THE world’s financial markets have been marked by contradictions throughout 2013. Inflation has dropped but government bonds have suffered. Risk appetites have revived but emerging markets have underperformed.

Perhaps such anomalies are inevitable given the influence of central banks on market sentiment. Offered a choice of knowing in advance the growth and inflation numbers for 2014, or the precise details of Federal Reserve asset purchases next year, investors would probably opt for the latter. If fundamentals are not driving the markets, then fitting price movements into a coherent economic framework is inevitably harder.

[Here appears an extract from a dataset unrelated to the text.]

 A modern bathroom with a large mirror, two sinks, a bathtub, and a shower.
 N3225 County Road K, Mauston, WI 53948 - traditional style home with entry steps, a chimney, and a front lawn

More recent developments have at least had a familiar ring, as markets were once again affected by the curse of August. In the first half of last month, bonds suffered as yields rose sharply. In the second half, equities were hit by the prospect of Western military intervention in Syria. Fear of conflict in the Middle East has been a regular source of market worry over the past ten years, although the worst nightmare—a great disruption of oil supplies—has yet to be realised.

It is possible to explain some of the markets’ oddities. The divergence between the performance of developed and emerging markets has reflected trends in economic data. America’s economy seems to be strengthening and Europe is edging out of recession even as the numbers from the BRIC countries (Brazil, Russia, India and China) disappoint.

In 2008 and 2009 the question was whether emerging markets could decouple from the crisis in the developed world. Now the problem has reversed itself. The developing world has a much bigger impact on the global economy than it did during the storms of the late 1990s. Although it is optimistic about America, Morgan Stanley has revised down its forecasts for global growth this year from 3.1% to 2.9%, and from 3.9% to 3.5% in 2014.

Albert Edwards, a permanently bearish strategist at Société Générale, sees the recent turbulence in emerging markets as “leading to a renewed global recession, with waves of deflation flowing to the West from Asia as China is ultimately forced to devalue in the face of an unrelenting loss of competitiveness, most especially against its emerging-market rivals.”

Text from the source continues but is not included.